■ **What is required**: Please give again exactly the lines from the top of the material through the line with "Cute Christmas Penguin"; omit each picture.

■ **Given data**:
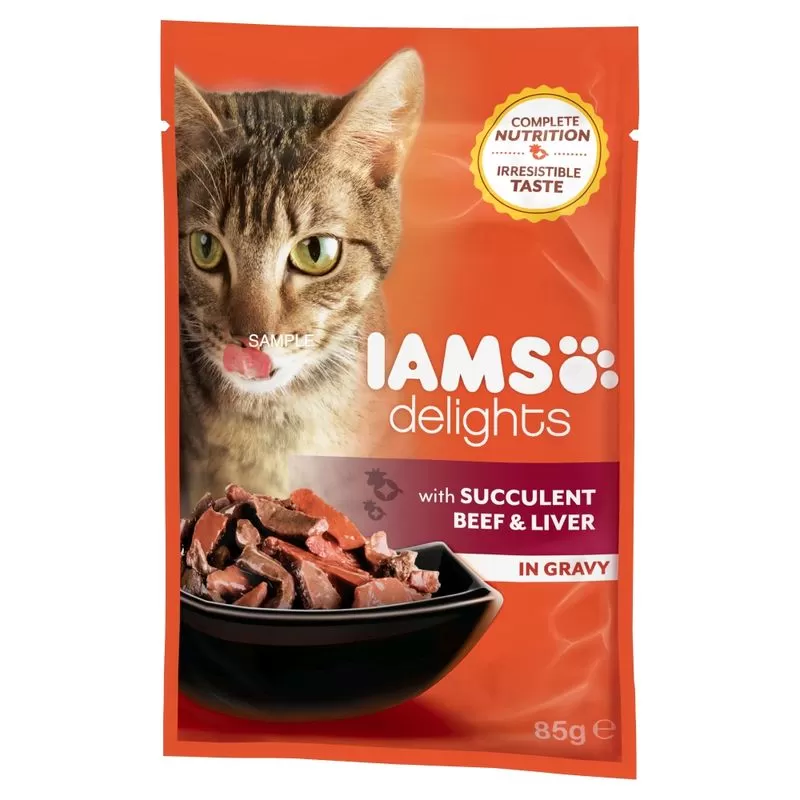 Iams Cat Delights Marhahús És Máj Szószban 85gr
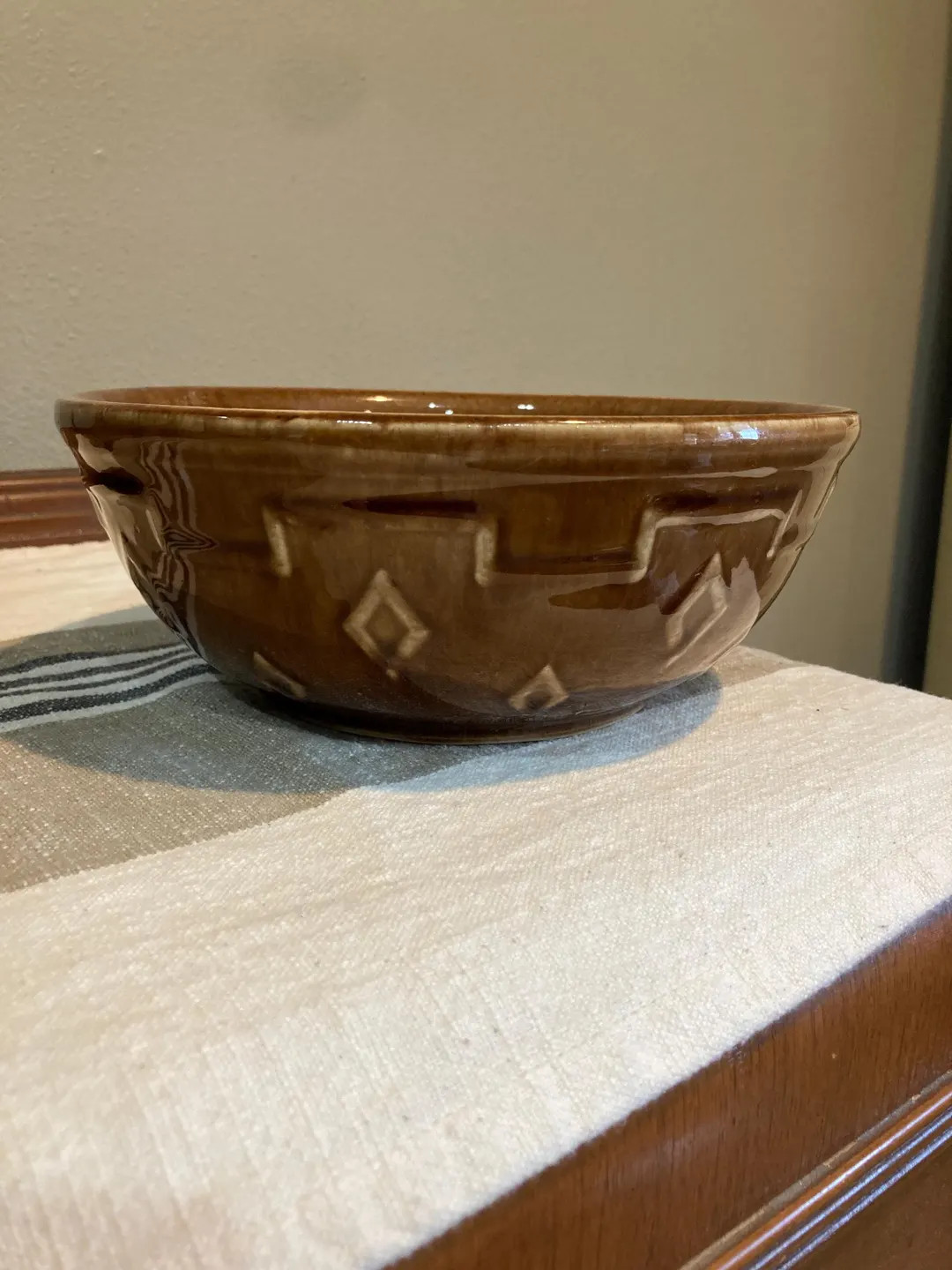 Vintage Monmoth Stoneware Bowl Brown Western | Etsy (Global)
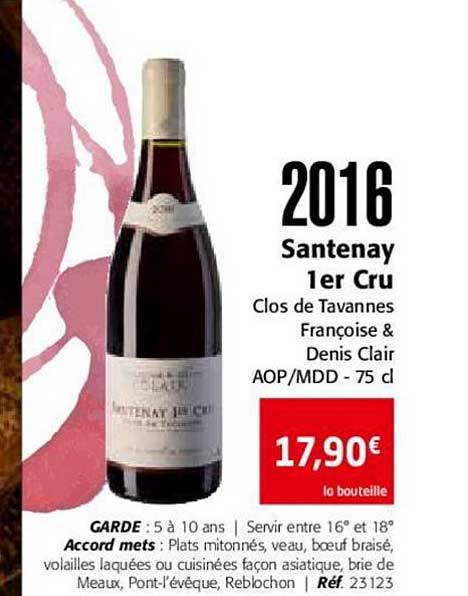 2016 santenay 1er cru clos de tavannes françoise & denis clair aop mdd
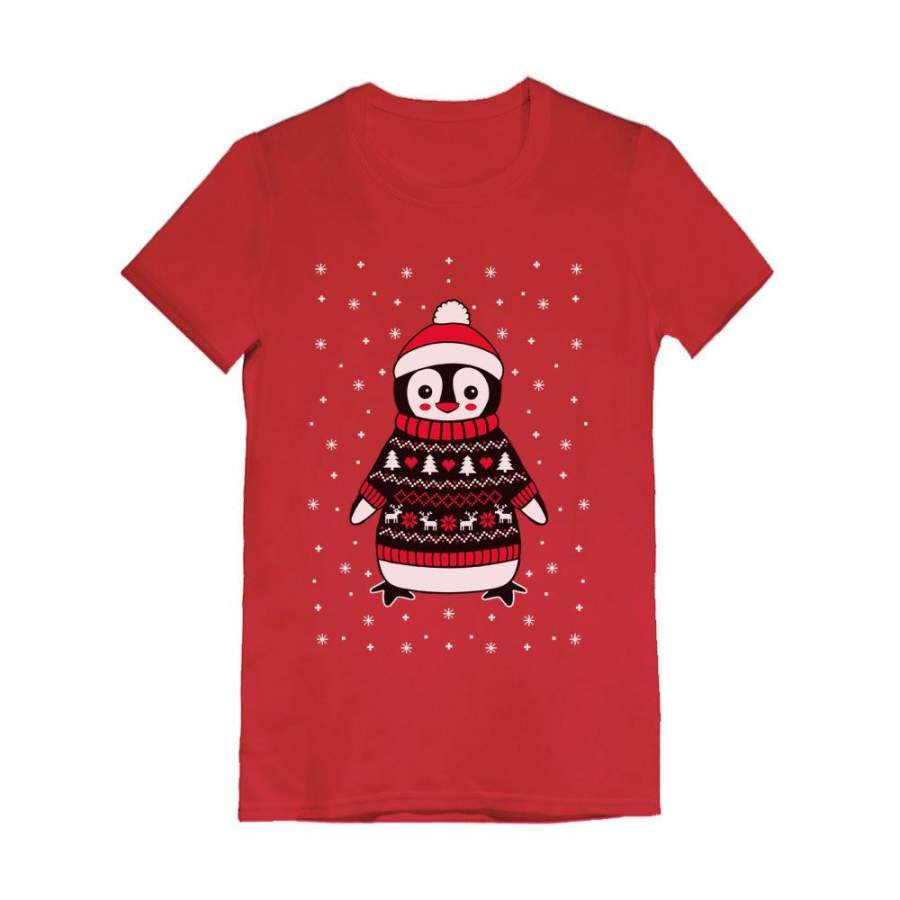 Cute Christmas Penguin Ugly Sweater Infant Girls’ Fitted T-Shirt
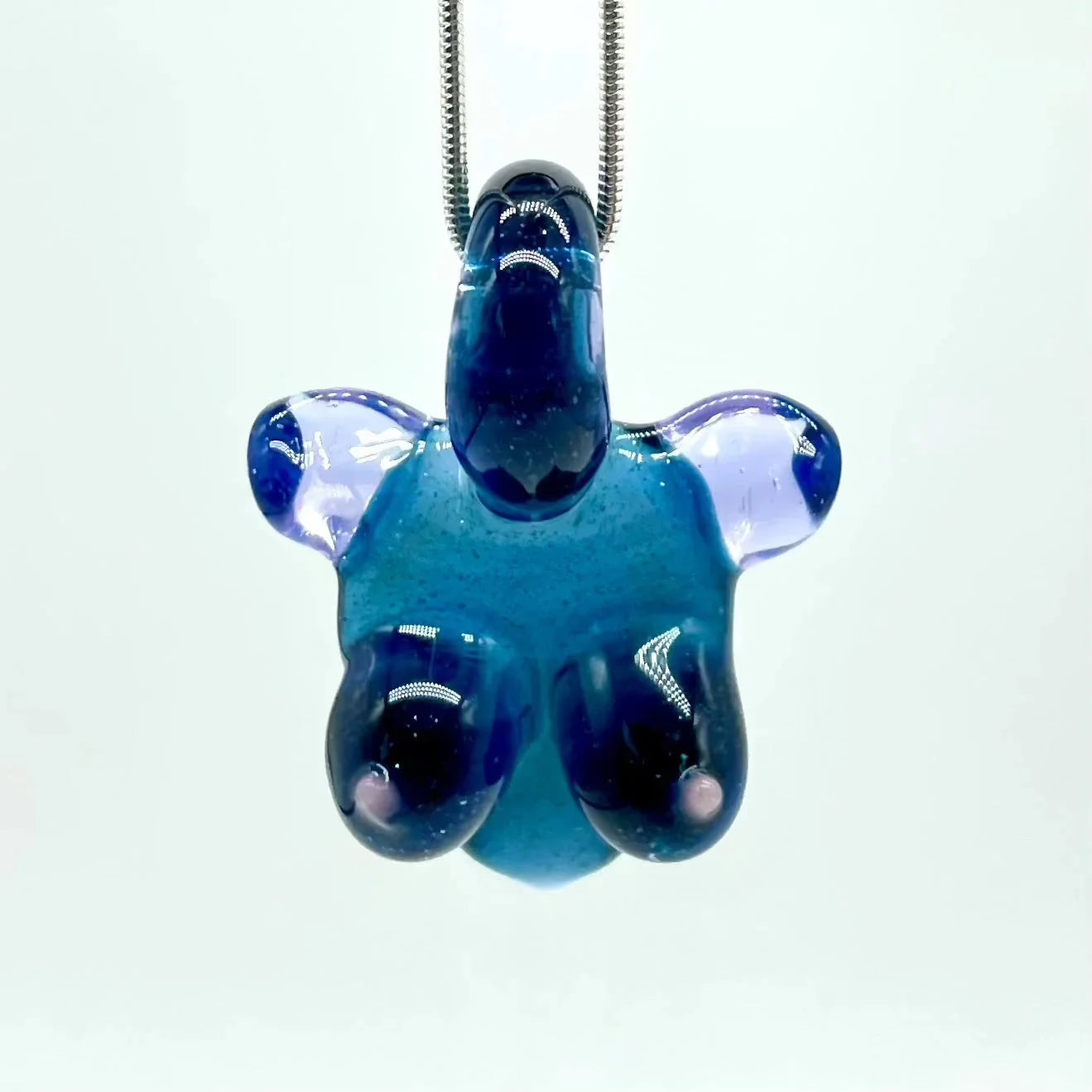 Include 1.9mm chain 🙏 Glass By Ariel - Lucid and Heavy Blue Bust Pendant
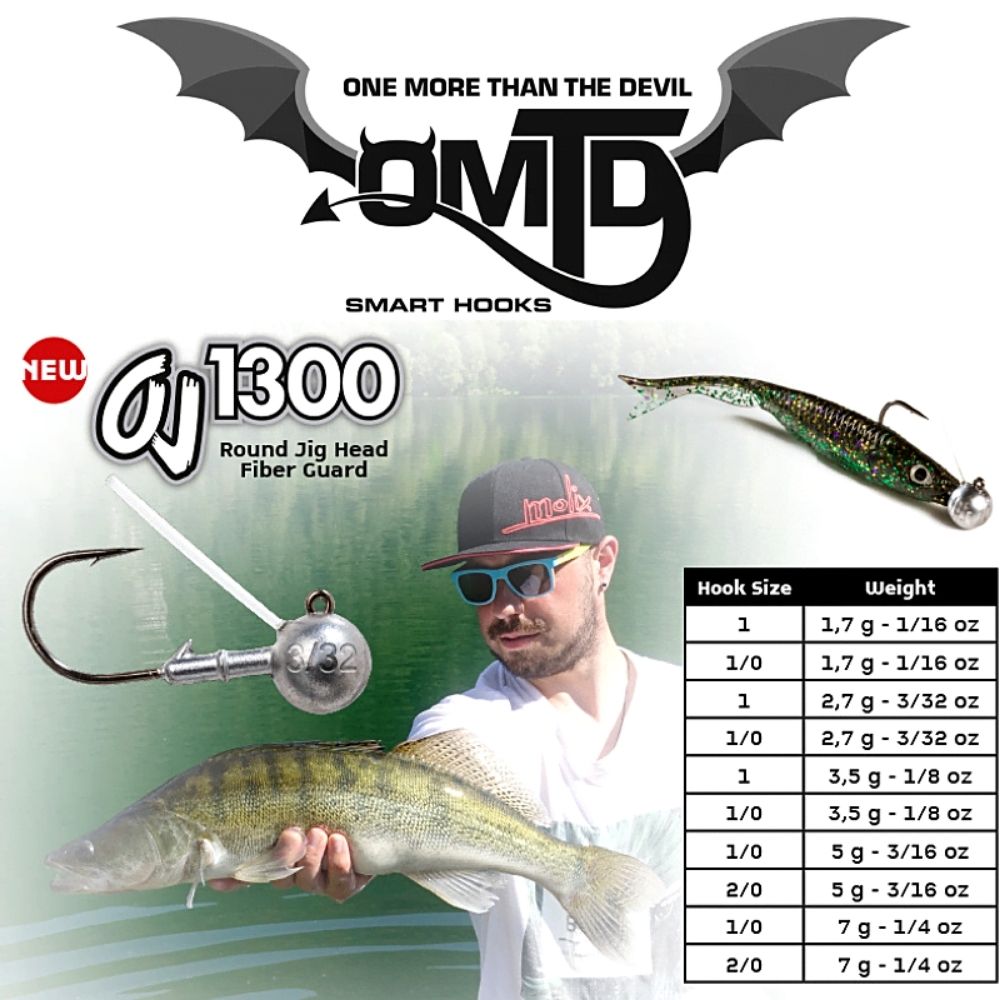 OMTD Weedles Fiber Guard Round Jig Head Hook OJ1300 - Image 5
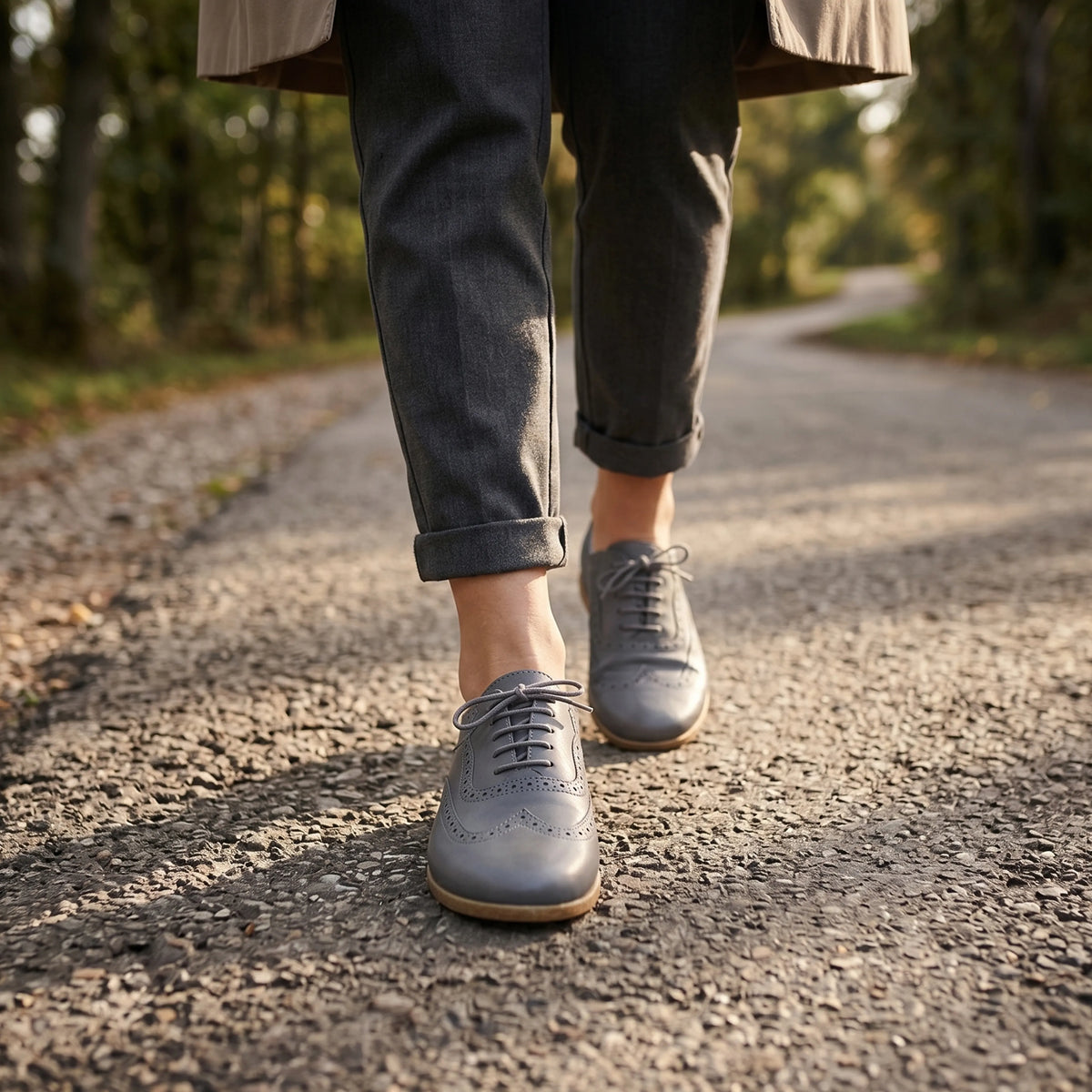 Smooth Barefoot Moccasin Shoes – Classic Sole — Leather Sole – Gray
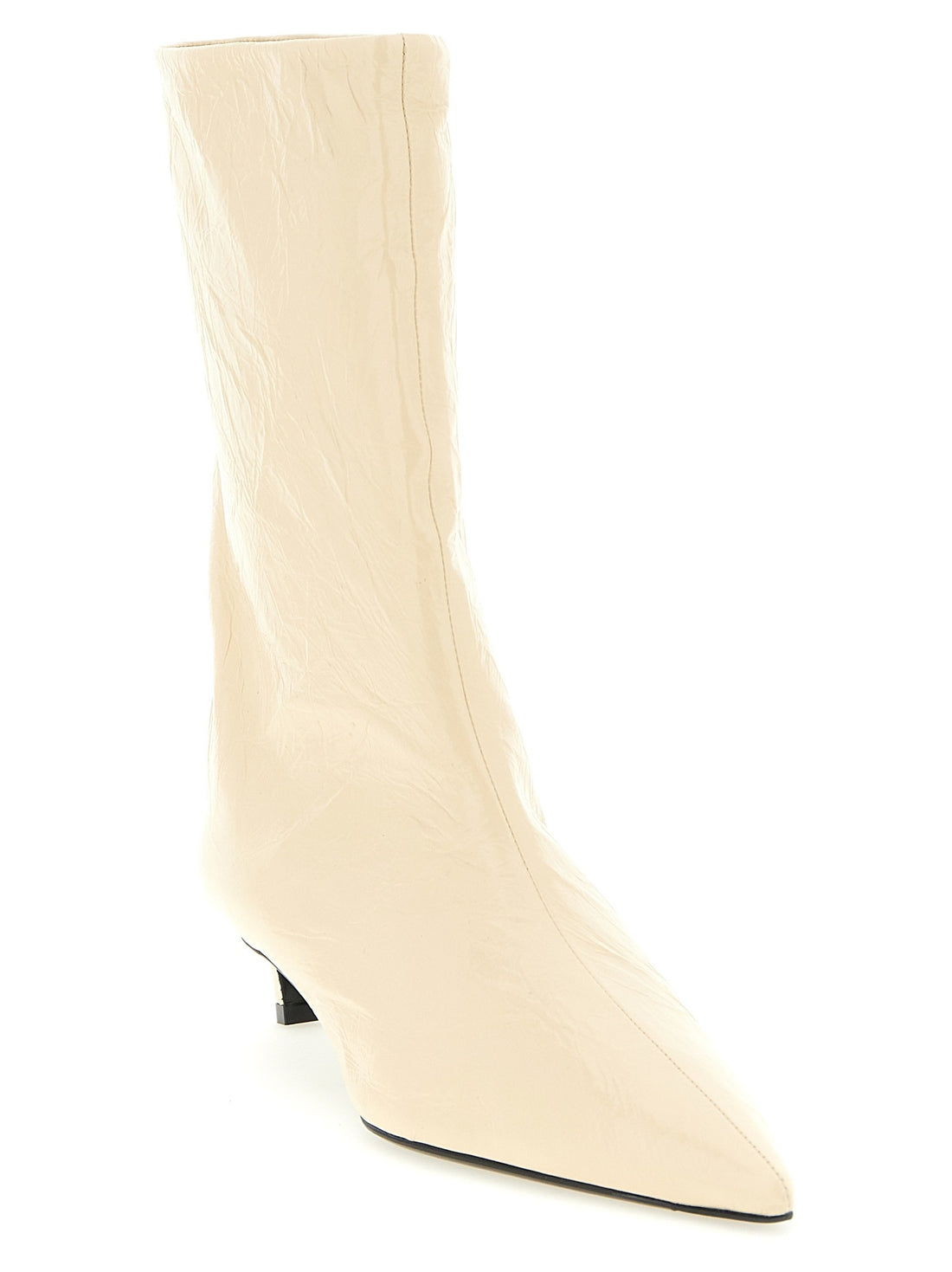 JIL SANDER - Craquelé leather ankle boots beige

■ **Response to this exercise**:
 Iams Cat Delights Marhahús És Máj Szószban 85gr
 Vintage Monmoth Stoneware Bowl Brown Western | Etsy (Global)
 2016 santenay 1er cru clos de tavannes françoise & denis clair aop mdd
 Cute Christmas Penguin Ugly Sweater Infant Girls’ Fitted T-Shirt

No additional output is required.